そして、この「八旗軍」の弱体化が清朝の命取りになった。
地方で起こる一揆や反乱に、国の正規軍「八旗軍」が対応できなくなったのである。一揆・反乱やりたい放題なら、政治も経済もへったくれもない。ただの無法地帯である。そこで、地方の実力者「郷紳」がお金を出しあって自警団をつくることにした。このような私兵を「郷勇」、「郷団」という。
やがて、清朝は、地方の治安維持を「郷勇」や「郷団」にゆだねるようになった。反乱が起こると、正規軍は出動せず、各地の「郷勇」や「郷団」に鎮圧させるのである。その見返りが「就地自籌」だった。
就地自籌(しゅうちじちゅう)?
「郷勇」や「郷団」などの地方軍が、直接、地方税を徴収して、軍の維持費にあてることをいう。もちろん、「多めに徴税してフトコロに入れる」は想像に難くない。これでは、中央集権体制など夢のまた夢。その後、清朝は「就地自籌」を取り消そうとしたが、地方軍から拒否された。あたり前田のクラッカー(古いかも)。一度もらった権利を手放すバカはいない。そもそも、地方軍なしでは治安を維持できないのだから。
こうして、中央の力は衰退し、地方の力が強くなっていった。中央集権から地方分権へ、帝国が滅びるサイン(前兆)である。
そして、この流れはさらに加速する。
「郷勇」や「郷団」が「軍閥」にグレードアップしたのである。その中で、有力なものが「淮軍(わいぐん)」と「湘軍(しょうぐん)」だった。
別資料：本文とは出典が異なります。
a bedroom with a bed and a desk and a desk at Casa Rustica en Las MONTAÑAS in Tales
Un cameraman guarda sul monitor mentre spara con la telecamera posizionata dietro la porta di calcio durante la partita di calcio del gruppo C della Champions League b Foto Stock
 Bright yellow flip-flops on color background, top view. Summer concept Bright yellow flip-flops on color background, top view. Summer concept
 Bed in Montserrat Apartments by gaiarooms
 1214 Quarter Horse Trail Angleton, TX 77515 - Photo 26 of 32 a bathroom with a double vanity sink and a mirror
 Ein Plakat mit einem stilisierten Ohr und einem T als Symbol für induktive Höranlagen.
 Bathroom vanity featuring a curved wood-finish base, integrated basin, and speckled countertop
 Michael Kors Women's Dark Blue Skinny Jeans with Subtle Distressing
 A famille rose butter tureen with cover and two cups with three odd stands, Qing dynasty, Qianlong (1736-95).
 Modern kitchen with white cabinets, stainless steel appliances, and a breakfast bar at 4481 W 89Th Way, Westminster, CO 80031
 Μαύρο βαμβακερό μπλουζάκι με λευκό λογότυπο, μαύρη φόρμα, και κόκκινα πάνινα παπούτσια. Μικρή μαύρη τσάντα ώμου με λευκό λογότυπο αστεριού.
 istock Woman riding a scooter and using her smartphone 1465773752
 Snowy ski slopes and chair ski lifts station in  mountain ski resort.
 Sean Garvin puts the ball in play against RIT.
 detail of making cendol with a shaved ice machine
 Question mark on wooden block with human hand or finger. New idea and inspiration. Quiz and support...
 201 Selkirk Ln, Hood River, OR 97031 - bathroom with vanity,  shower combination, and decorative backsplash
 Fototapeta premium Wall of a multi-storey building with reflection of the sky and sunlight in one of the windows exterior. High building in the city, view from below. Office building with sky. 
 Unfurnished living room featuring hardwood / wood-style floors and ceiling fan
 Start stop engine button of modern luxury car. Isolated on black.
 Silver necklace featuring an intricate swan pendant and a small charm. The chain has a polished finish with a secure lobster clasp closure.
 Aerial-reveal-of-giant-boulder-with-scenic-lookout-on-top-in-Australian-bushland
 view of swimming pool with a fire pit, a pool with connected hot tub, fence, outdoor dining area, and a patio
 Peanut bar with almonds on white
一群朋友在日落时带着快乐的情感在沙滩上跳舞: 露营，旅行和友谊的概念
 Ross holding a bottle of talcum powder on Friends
「軍閥」といえば聞こえはいいが、しょせんは地方の私兵。しかも、この時代、中国で兵士になるのは「ならず者」と決まっていた。
というのも、中国にはこんなことわざがある。
「良い鉄は釘にしない、良い人は兵隊にならない」
ところが、地方の私兵「淮軍」が、最大軍閥の「北洋軍閥」にのしあがったのである。そして、あろうことか、国軍の「八旗軍」に取って代わってしまった。つまり、
清朝の主力軍=私兵の北洋軍閥。
そして・・・
この北洋軍閥の親玉が李鴻章だったのである。
李鴻章が被支配民族でありながら、大出世した理由はここにある。激動の時代に、ものをいうのは「力」、それは昔も今も変わらない。そして、漢族の李鴻章は、満州族がつくった清朝に思い入れはなかった。だから、ワイロをもらって好き勝手したのである。
ちょっと、言い過ぎたかな~
かわいそうなので、李鴻章に代わって弁解しておこう。
李鴻章は、日清戦争後の「日清講和条約」の清国側の代表だった。そこで、日本に遼東半島、台湾、澎湖列島を割譲され、賠償金まで取られて、ムシャクシャしていた。そこで、元祖「反日」になり、ロシアとくっついて日本に仕返したのである。
これで弁解?
■滅び行く清朝と満州族
結局、三国干渉で、ロシアが大得、ドイツ・フランスが小得、日本が小損、清国が大損をした。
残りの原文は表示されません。